Her expression shifts, sympathy softening the lines of her face. “So you remember?”

“More than I did this morning.” I swallow hard. “And I know she’s Caroline.”

Ruth exhales a slow sigh before she steps aside, opening the door wider.

“Come in, Silas.”

I step inside without hesitation. The house is warm, familiar.

It sits on the far edge of town, one of the last houses on the road that stretches out toward my land.

Memories of Sunday dinners and Ruth holding Kiran for the first time in the living room flash in my mind.

Ruth and Eli have been close family friends ever since I can remember.

Neither one of them ever married, instead they became our trusted friends, loving us, guiding us as first time parents, picking up the pieces after our own parents passed.

“Want some coffee?” Ruth asks, sliding a filter into the machine and scooping the grounds.

The thought of drinking anything makes my stomach churn. “No, thank you.”

As she flicks the switch, the quiet hum of brewing fills the silence.

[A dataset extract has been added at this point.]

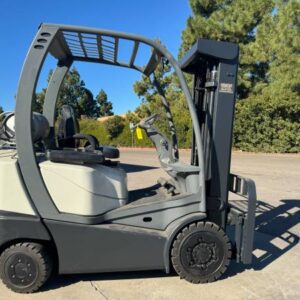CROWN 5000lbs CAPACITY PROPANE FORKLIFT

She pulls out a chair at the small kitchen table, patting the seat beside her. “Sit.”

I drop into the chair, running my hands down my face. Exhaustion clings to me, dragging me into a fog too thick to fight. “Why didn’t you tell me?”

Ruth exhales through her nose, fingers lacing together. “It was just after we had finished rebuilding the house when Eli saw you walk out of the stables. It was about three months after your funeral and he knew you had shifted. That you had changed.”

“Of course I fucking changed, I’m a spirit,” I snap. My breath is ragged, my pulse pounding at my temples. “Wait…if you and Eli can see me, if you see Helena, does that mean you’re spirits too?”

She shakes her head. “No. Eli and I have always seen spirits. It’s something passed down on our mother’s side for generations.”

The pieces start falling into place, slotting into a puzzle I should’ve seen long ago.

“This is why the men never acknowledged Helena,” I murmur. “Why I always let Eli handle them.”

Ruth nods. “You left the management of the ranch’s employees to Eli after Kiran was born, though. Remember?”

“True. ”

“Marcel. Fuck—” realization grips my heart, my breath stops. “Kiran. He died in the fire too.”

She rests a hand on my shoulder as she rises, crossing to pour herself a cup of coffee. The kitchen feels smaller, the air thick with too many answers and not enough time to process them.

“Marcel has walked that land since your grandparents. He was their hand.”

“And Kiran?”

The metal spoon clinks against her cup as she stirs, tapping it against the rim. She crosses back to the chair, placing her hand on my arm. “Yes, Kiran crossed.”

Tears threaten my eyes. It was hard enough to know that Caroline had suffered through the flames, but to think of my boy, my everything, meeting the same fate is too much to bear.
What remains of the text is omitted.